The present invention relates generally to air vehicles and in particular to micro air vehicles surveillance systems.
The use of micro air vehicles (MAV) in battlefield situations has become more common place. An example of a MAV is a ducted fan vertical takeoff and landing (VTOL) aircraft that is powered by an internal combustion engine. MAV's are generally used to gather video and other surveillance information that can be used by ground troops. With relatively small MAV's, their lifting capacity is limited. In taking this limitation into consideration, current MAV's are designed without engine starters and starting batteries to keep the weight down. To start a MAV, a human operator must start the engine manually with a pull cord. Accordingly, a human operator must be present when a MAV is started. Moreover, because of the weight issue, even if a MAV was designed with a built in starter, the amount of fuel used to operate the MAV would have to be reduced to accommodate the starter, thereby limiting the flight time and range.
- SUMMARY OF INVENTION
For the reasons stated above and for other reasons stated below which will become apparent to those skilled in the art upon reading and understanding the present specification, there is a need in the art for an improved MAV surveillance system and method of starting a MAV.
The above-mentioned problems of current systems are addressed by embodiments of the present invention and will be understood by reading and studying the following specification.
In one embodiment, an autonomous launch pad is provided. The launch pad includes a launching surface, a battery and a starter. The launching surface is adapted to support a ducted fan vertical takeoff and landing (VTOL) micro air vehicle (MAV). The battery is housed in the launch pad. The starter is also housed in the launch pad. Moreover, the battery is adapted to selectively provide power to operate the starter. The starter is adapted to start an engine of the MAV upon a remote launch signal command that directs power from the battery to be coupled to the starter. Accordingly, the MAV can be commanded to be launched from a location that is remote from the launch pad via the remote launch signal command.

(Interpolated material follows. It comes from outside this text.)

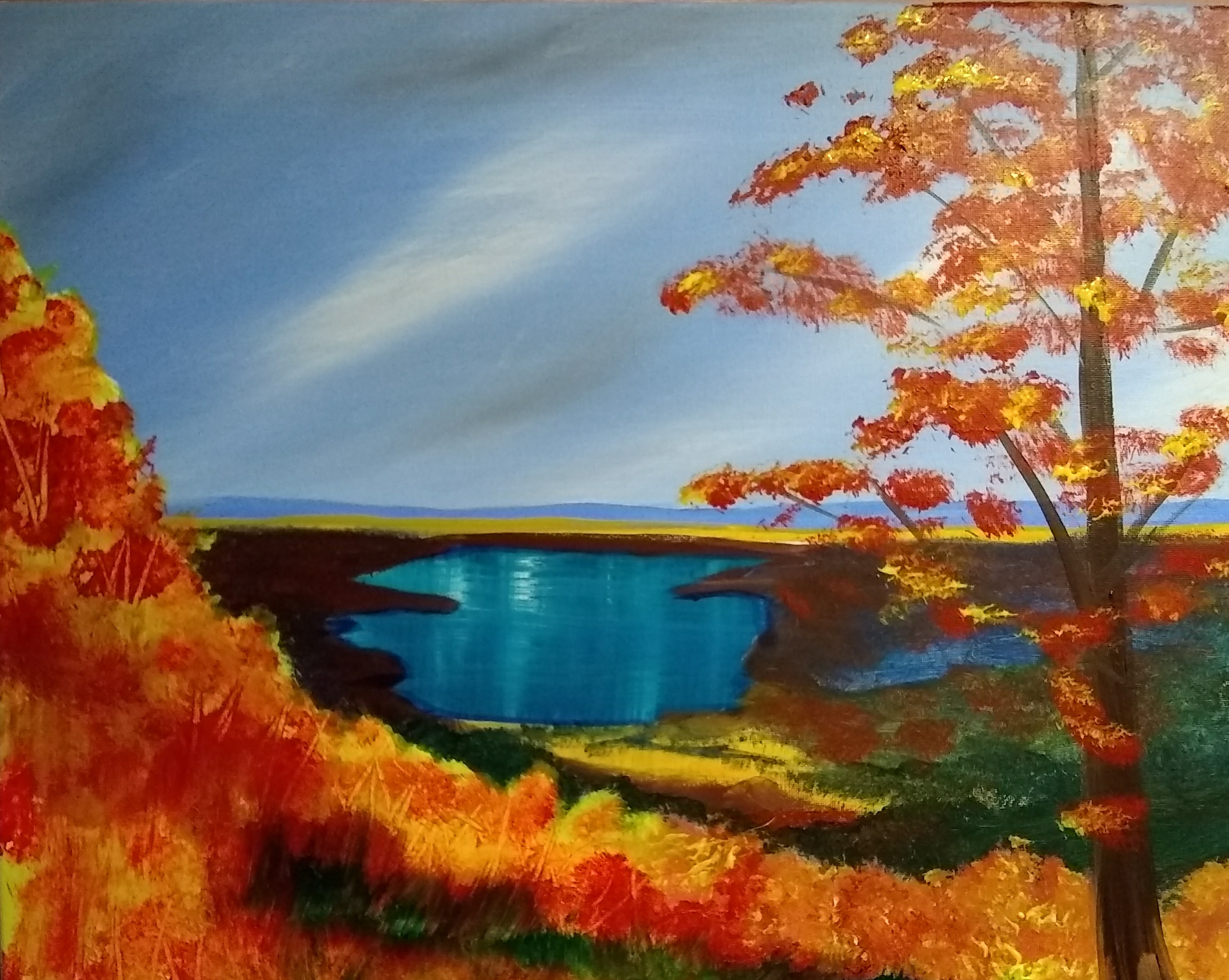 Honeoye fall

In another embodiment, a micro air vehicle system (MAV) is provided. The MAV system includes an MAV and a launch pad. The MAV has an engine that is adapted to power the MAV. The launch pad has a starter that is adapted to start the engine in the MAV when the MAV is resting on a launching surface of the launch pad. The launch pad further has a battery to power the starter.
In yet another embodiment, a method of operating a MAV surveillance system is provided. The method comprises placing a MAV on a launch pad at a desired location, coupling a starter motor in the launch pad to an engine starting shaft of an engine of the MAV and activating the starter motor from a remote location.

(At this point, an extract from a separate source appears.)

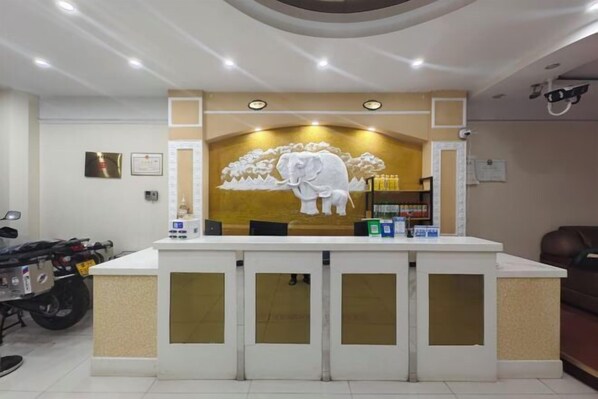 Lobby - Xiwuqi Jindi Hotel (West Ujimqin Banner)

BRIEF DESCRIPTION OF THE DRAWINGS
In further another embodiment, a MAV surveillance system that includes a MAV and a launch pad is provided. The system includes a means for remotely starting the MAV with a starter that is located in the launch pad, wherein the MAV and launch pad can be placed in a desired location and activated at a later time from a remote distance.
The present invention can be more easily understood and further advantages and uses thereof more readily apparent when considered in view of the description of the preferred embodiments and the following figures in which:
FIG. 1 is an illustration of a micro air vehicle on a launch pad of a micro air vehicle system of one embodiment of the present invention;
FIG. 2 is an illustration of a micro air vehicle being launched from a launch pad of a micro air vehicle system of one embodiment of the present invention;
FIG. 3 is an illustration of a micro air vehicle of one embodiment of the present invention;
FIG. 4 is an illustration of a micro air vehicle system of another embodiment of the present invention;
FIG. 5 is a flow chart illustrating the operations of a MAV system of one embodiment of the present invention; and
FIG. 6 is a block diagram illustrating the process to automatically land a MAV on a landing pad of one embodiment of the present invention.
- DETAILED DESCRIPTION
In accordance with common practice, the various described features are not drawn to scale but are drawn to emphasize specific features relevant to the present invention. Reference characters denote like elements throughout Figures and text.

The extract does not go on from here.